There’s a tiny, beautiful little village on the coast about an hour’s drive west from here. One day while wandering down its medieval streets I saw this sign on a door.

It says, (in my translation), restaurant recommended by the Club of those who life a good life. Actually in French it’s much more elegant than that, but I had trouble translating “vivants” – “livers” would seem the obvious word but that looks like an organ in the body! “lifers” on the other hand makes you think of prisoners! “living beings” is closer, but doesn’t feel quite right, so I’ve opted for “those who live a good life”.

I immediately wondered about this “club” and looked it up online later. It seems to be a restaurant recommendation website in France. Perhaps not terribly exciting!

But I loved the name, and it stimulated my imagination.

Philosophers have wrangled with the question “what is a good life?” for hundreds of years, and it’s something which feels simple and obvious, but when you stop to consider it, it seems impossible to pin down.

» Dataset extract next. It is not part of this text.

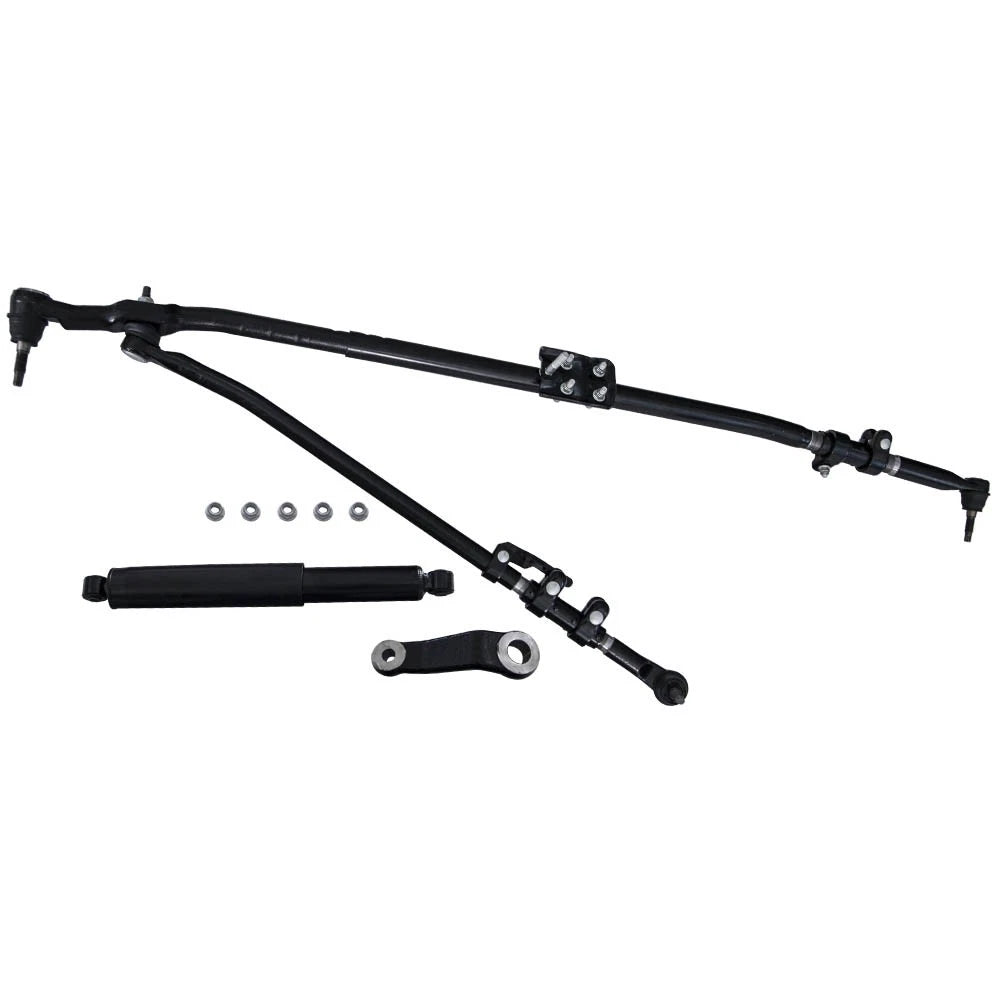 Steering Linkage Drag Link Tie Rod Kit for Dodge Ram 2500 3500 (2008–2010)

I also suspect that we might all give different answers to the question. So, I thought I’d pose it for you today –

How would you describe “a good life”?

I was going to add something myself here, but I’ve decided to just leave this as a prompt for now…….for two reasons. Firstly, I think we can all benefit from taking a little time now and again to contemplate this question. It gets us thinking about our values, our beliefs and our desires, and it also challenges us to consider to what extent we are already living a good life, or whether we think that one day we will. If you think you’re already living it, how would you describe it? What makes your life a good one? And if living a good life is something you hope for one day, what do you imagine it will look like? Because if you don’t know what it will look like, you might not recognise it when it arrives!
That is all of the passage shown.